MB: I was on a panel at Mobile World Congress (this past fall) and the CEO of Sequans [Georges Karam] said he sees these -- at some point in the future -- getting down into the single digits cost. I think at that point, the economics begin to work where you can really start to track more than the high value assets. You could track things like briefcases, suitcases and backpacks, and all the things that are important to you but are just a little bit too expensive to connect.
So I think the cost of productivity -- as it's related to the addressable market --is very important. Security is always at the top of everyone's list. We're now with the deployments of eSIMs and getting to see managed certificate services having the ability to provide dual factor authentication for the devices, which I think is significant for IoT and M2M.
TT: As far as the Cat M1, is there anything that you've learned in particular so far or anything that you didn't expect to see?
MB: So when we talk about Cat M1, I think the cost of the device is one piece, but, also when we start looking at the IoT core network, not only is the cost coming down for the device, but the overall cost is coming down for the network itself. What's allowing us to do that is the network virtualization, where we're able to actually slice off a piece of the core network and allocate that towards IoT. What that's doing is giving us the ability to segment away from the IMS core and all the cost of the third-party licensing expense associated with that very, very sophisticated IMS core, which was built to manage very complex devices versus the simple NB-IoT and Cat M devices.

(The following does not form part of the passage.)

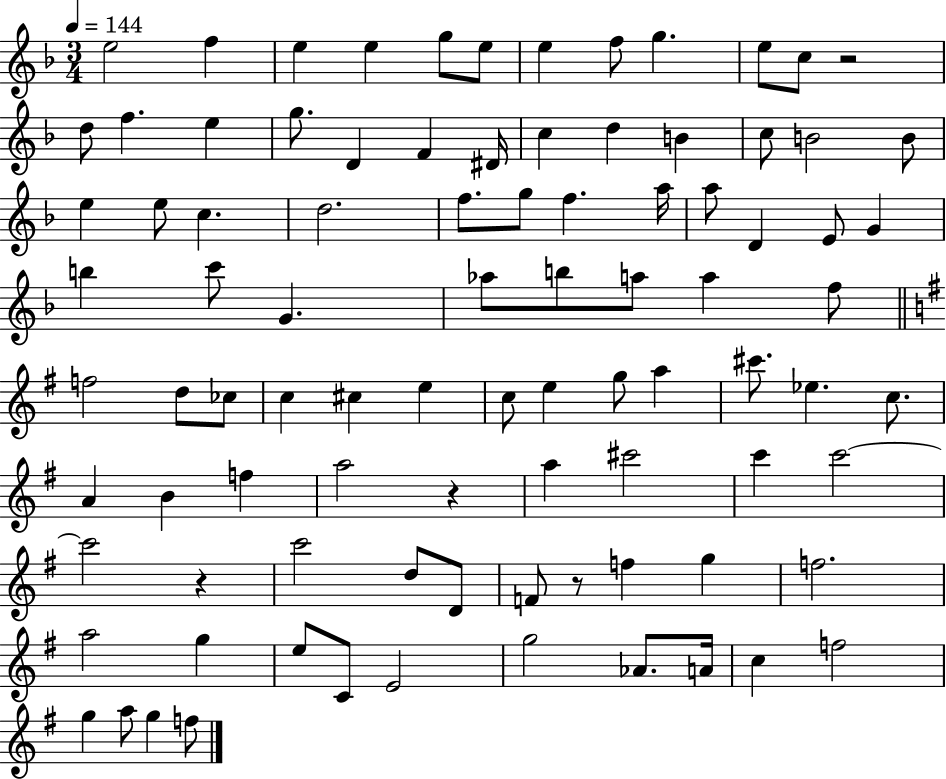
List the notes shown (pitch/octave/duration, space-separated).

E5/h F5/q E5/q E5/q G5/e E5/e E5/q F5/e G5/q. E5/e C5/e R/h D5/e F5/q. E5/q G5/e. D4/q F4/q D#4/s C5/q D5/q B4/q C5/e B4/h B4/e E5/q E5/e C5/q. D5/h. F5/e. G5/e F5/q. A5/s A5/e D4/q E4/e G4/q B5/q C6/e G4/q. Ab5/e B5/e A5/e A5/q F5/e F5/h D5/e CES5/e C5/q C#5/q E5/q C5/e E5/q G5/e A5/q C#6/e. Eb5/q. C5/e. A4/q B4/q F5/q A5/h R/q A5/q C#6/h C6/q C6/h C6/h R/q C6/h D5/e D4/e F4/e R/e F5/q G5/q F5/h. A5/h G5/q E5/e C4/e E4/h G5/h Ab4/e. A4/s C5/q F5/h G5/q A5/e G5/q F5/e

If there's anything that I've learned, it's that the market will continue to push for more and more capabilities. So we're actually going to be deploying Cat M devices that are going to be able to do things like location, migration, and lighting -- all those types of capabilities as needed. I think that I was expecting not to have devices that were going to be that sophisticated with Cat M in the beginning, but you can never underestimate the people who are driving innovation. They just always want to do more and more and more. Everyone appears very committed to doing it while also managing power consumption to save time. Because one of the propositions with Cat M, and even narrowband IoT, is better power management, longer battery life.
TT: We talked a lot last year about security, which you already mentioned. Is there anything else you would want to say to enterprises or businesses that are concerned about security? Is there anything else that you need to let them know, to reassure them a bit?
MB: There are our four pieces for better security; managed certificate services, virtual private network, secure cloud Interconnect, and AI. I think previously when we were seeing M2M and IoT deployments, they were already in the field, and enterprises were going back and adding security. What we're seeing now is that security is being planned as part of the deployment. So devices are being deployed with managed certificates. The networks are being implemented with virtual mobile private networks. Compute environments are being deployed where we have implemented direct network connections to those cloud environments so that at nowhere along this continuum are we traversing the public Internet.
The fourth piece is AI, and so we have been deploying some AI capabilities to do monitoring communications to M2M devices. Specific use cases and devices have a very identifiable and repeatable communication profile. We know exactly what the communications should look like for a specific device. AI is looking for any anomalies, and if it sees anomalies in the communication patterns with a device, that information is creating an alert to the owner of those devices with the ability to shut down communications to that device, or shut down communications to groups of devices in a geographic area.
That doesn't mean that it can't have a security incident. I just want to be on record that we can never do enough, and that we have to constantly be improving security.